Debbie Friedrich, affiliate owner of the Westaff office in Milwaukee, said many companies have been using Westaff’s 60- to 90-day temp-to-hire program.

"Once they prove themselves, the employer feels more confident to offer them permanent employment," Friedrich said. "It means companies are starting to rebuild their employment force."

The boost in temporary hiring is good news for job seekers, according to Scott Nissen, president of Nissen and Associates Staffing Continuum Inc., Waukesha.

"They are not making promises they are uncomfortable committing to," Nissen said.

Staffing services executives say the recent economic up-tick has left behind few industrial sectors.

"We are seeing positive signs from just about everybody," Friedrich said.

Even the downtrodden manufacturing sector has begun expanding its workforce.

"Manufacturing and construction have had the greatest declines, but even in manufacturing, there have been some hints of improvement," Mayborne said.

Nationally, the growth in manufacturing jobs fell by 11,000 jobs in June after four months of growth, according to the U.S. Department of Labor. First-time claims for state unemployment benefits increased nationally for the third consecutive week June 26, rising 1,000 to 351,000.

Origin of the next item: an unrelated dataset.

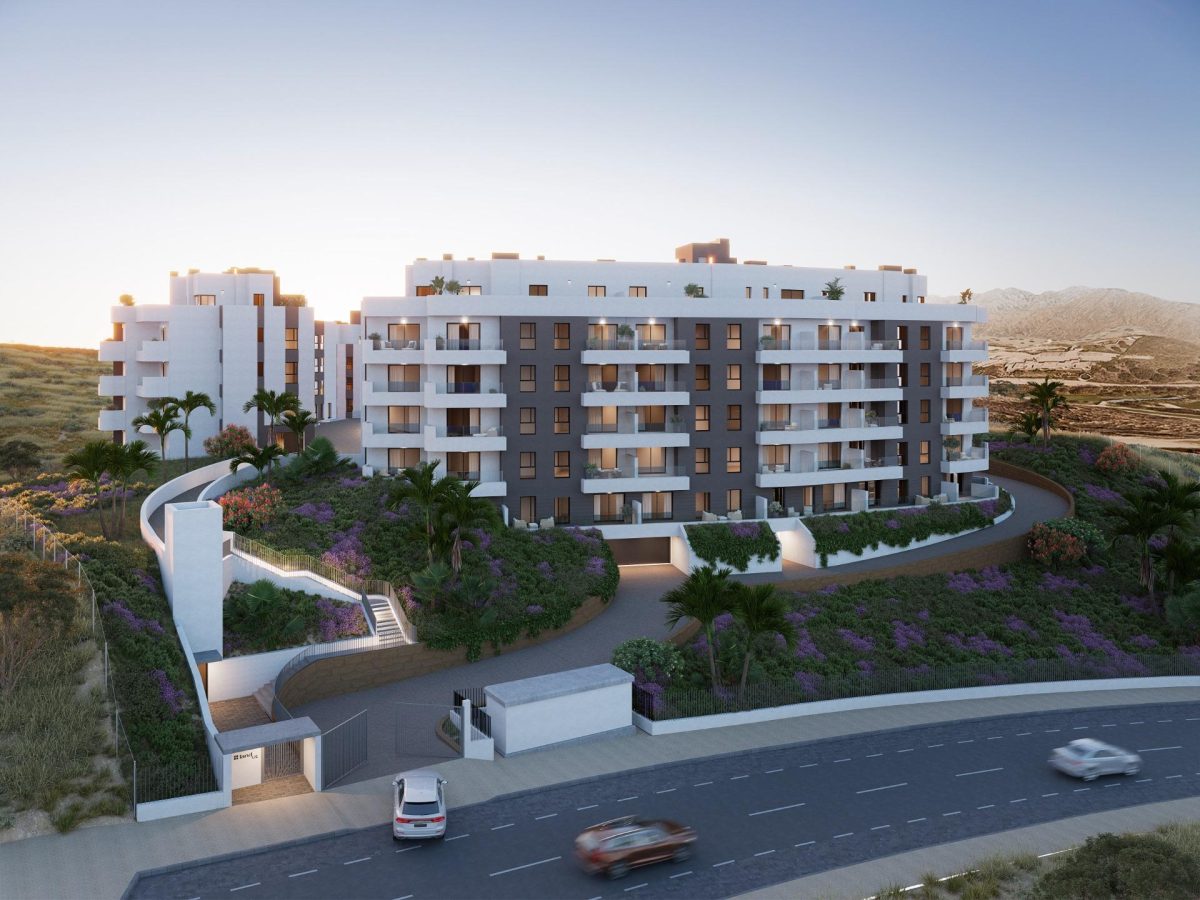 Residencial en Mijas con excelentes conexiones — Foto 10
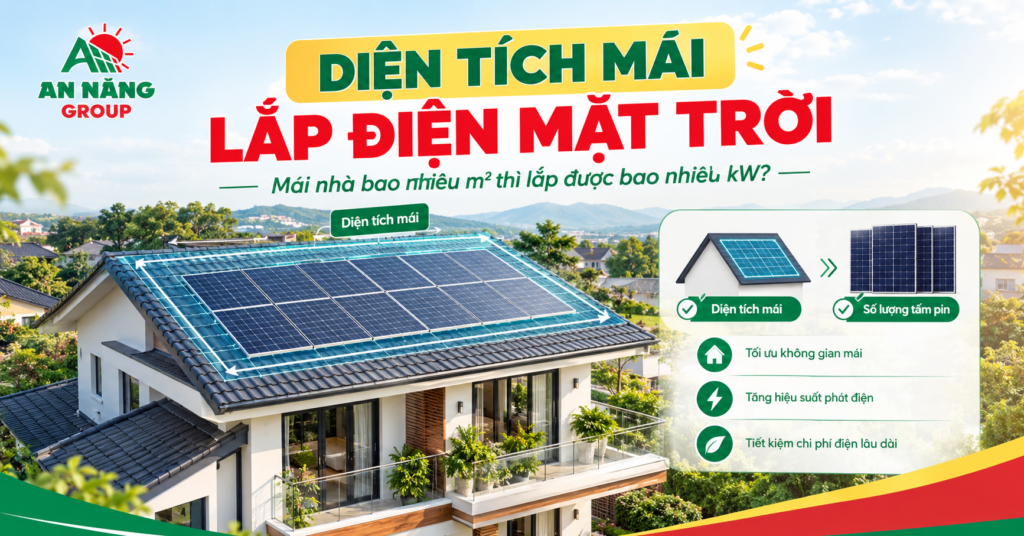 Kỹ sư đo đạc và tính toán diện tích mái lắp điện mặt trời thực tế trên mái nhà dân dụng để tối ưu hóa không gian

However, Wisconsin’s job scene has remained relatively strong. Since May 2003, Wisconsin has added 36,400 new jobs, a 1.3 percent increase and the highest numerical and percentage increase in the Midwest, according the Department of Labor.

Larry Halter of Guhring Inc., a manufacturing company located in Brookfield, said his firm has hired more than 15 employees in the past three months and expects to increase the workforce by another six to 10 employees in the next half of the year.

"The past few months have been much better than the rest of the year," Halter said.

While employers in the manufacturing sector are ready to hire, due to a number of reasons, they are having trouble finding qualified workers, according to John Metcalf, director of human resources policy at Wisconsin Manufacturers & Commerce.

"There is not enough training available," Metcalf said. "During the downturn, a lot of employers got rid of workers, while making processes more efficient by bringing in upgraded machinery to do the work."

John Pawasarat, director of the Employment and Training Institute at the University of Wisconsin-Milwaukee, said the lack of qualified workers is, in part, due to an aging labor force.

"The workforce is not being replenished," Pawasarat said.

"Older workers are retiring," Metcalf said. "It is hard to find a person with the new skill sets needed."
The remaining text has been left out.